Web page caption snippets:
*** Block opens ***

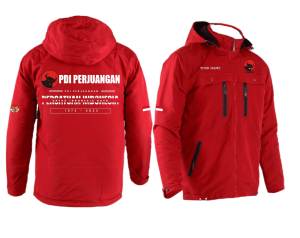 Jaket Climber PDI Pekatan Bertudung dengan Motif Garis - Bahan Cotton Ukuran Free
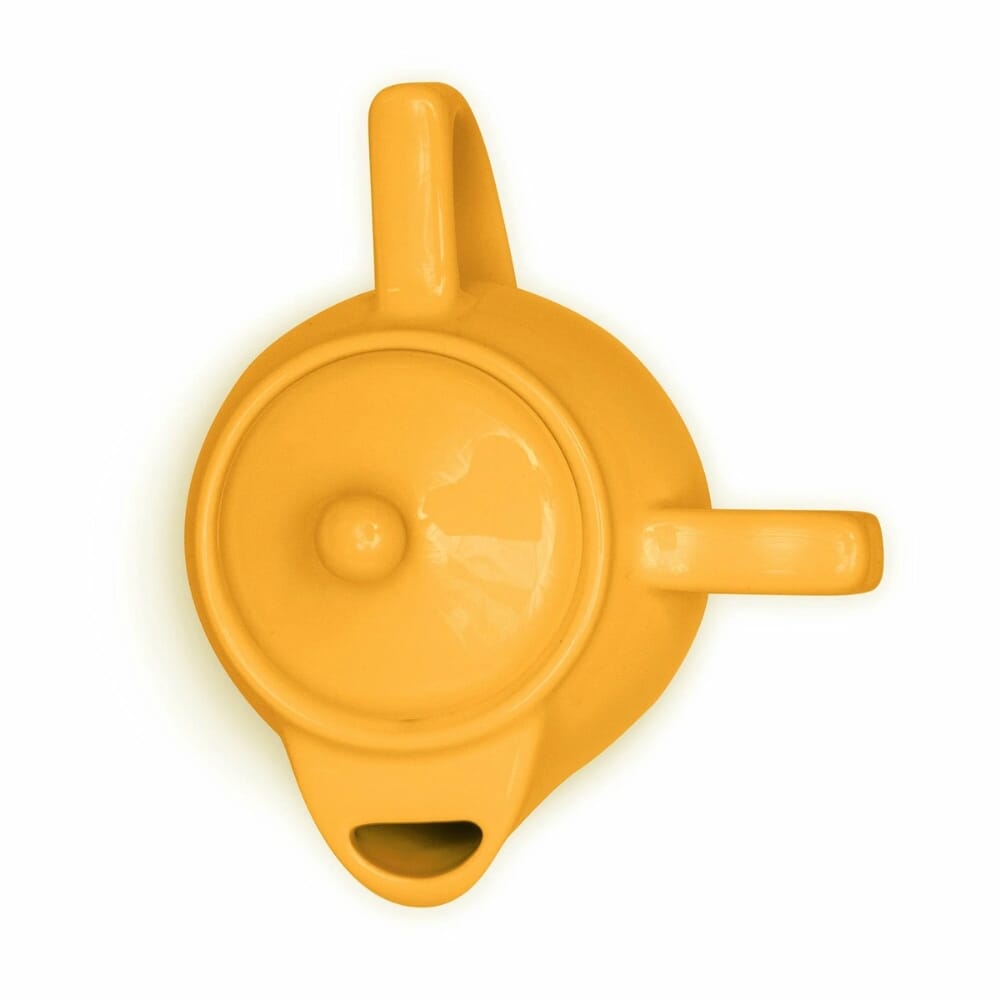 wade dignity two handled teapot yellow top down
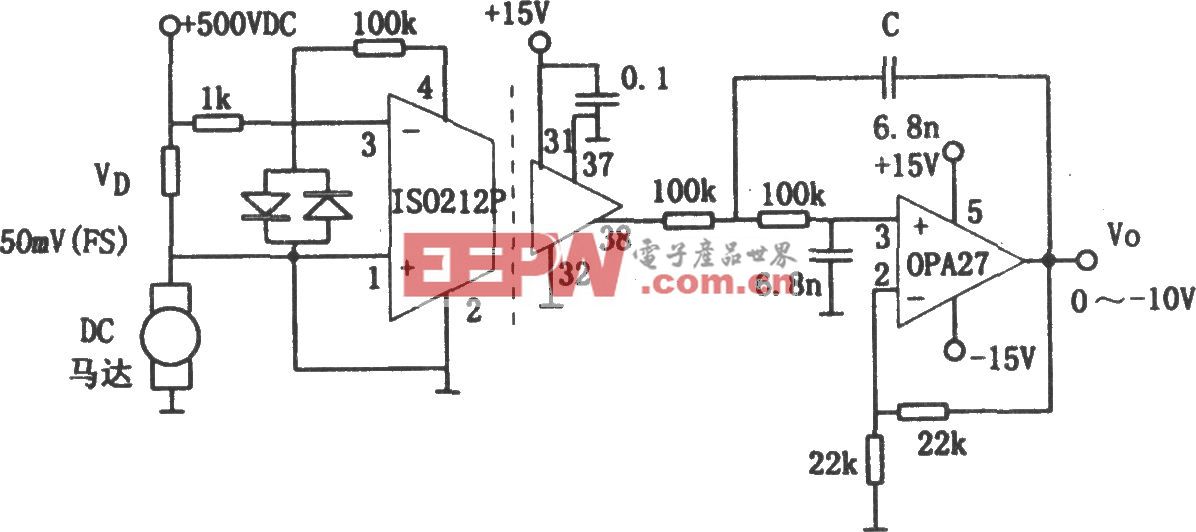 高压隔离电流检测电路(ISO212、OPA27)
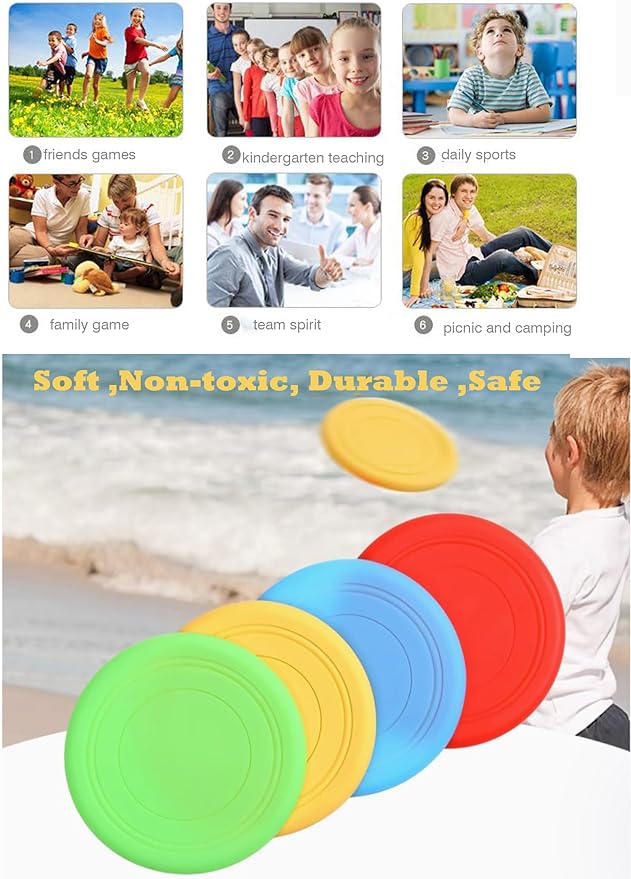 Kids Flying Disc Toy Outdoor Playing Lawn Game Disk Flyer for Kindergarten Teaching Soft Silicone Colorful 6 Pack Bulk Set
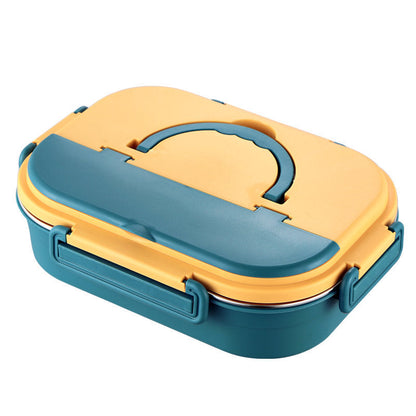 Stylish, simple, portable, large capacity 304 stainless steel two-compartment lunch box with bowl lunch box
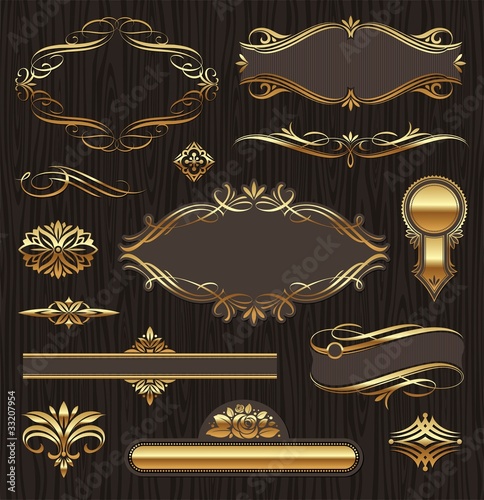 Vector: Vector set of golden ornate page decor elements Vector set of golden ornate page decor elements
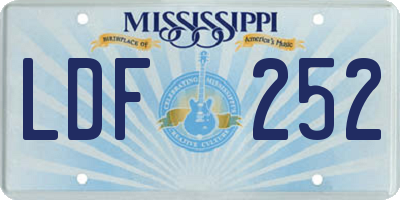 MS license plate LDF252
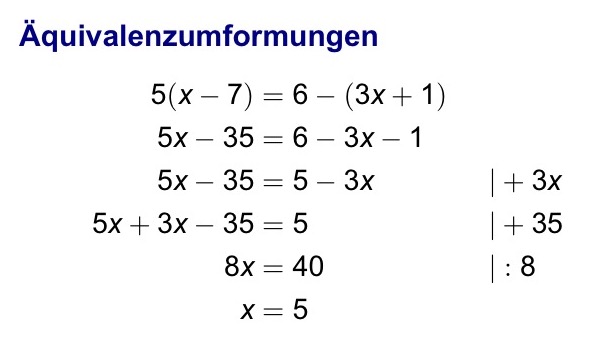 äquivalenzumformung übungen Mit Lösungen Pdf mathe-fuer-eltern.de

*** Block closes ***

With the pictures left out, output the lines from the one containing "Stylish, simple, portable, large" through the last line of the records above, exactly as they are.

 Stylish, simple, portable, large capacity 304 stainless steel two-compartment lunch box with bowl lunch box
 Vector: Vector set of golden ornate page decor elements Vector set of golden ornate page decor elements
 MS license plate LDF252
 äquivalenzumformung übungen Mit Lösungen Pdf mathe-fuer-eltern.de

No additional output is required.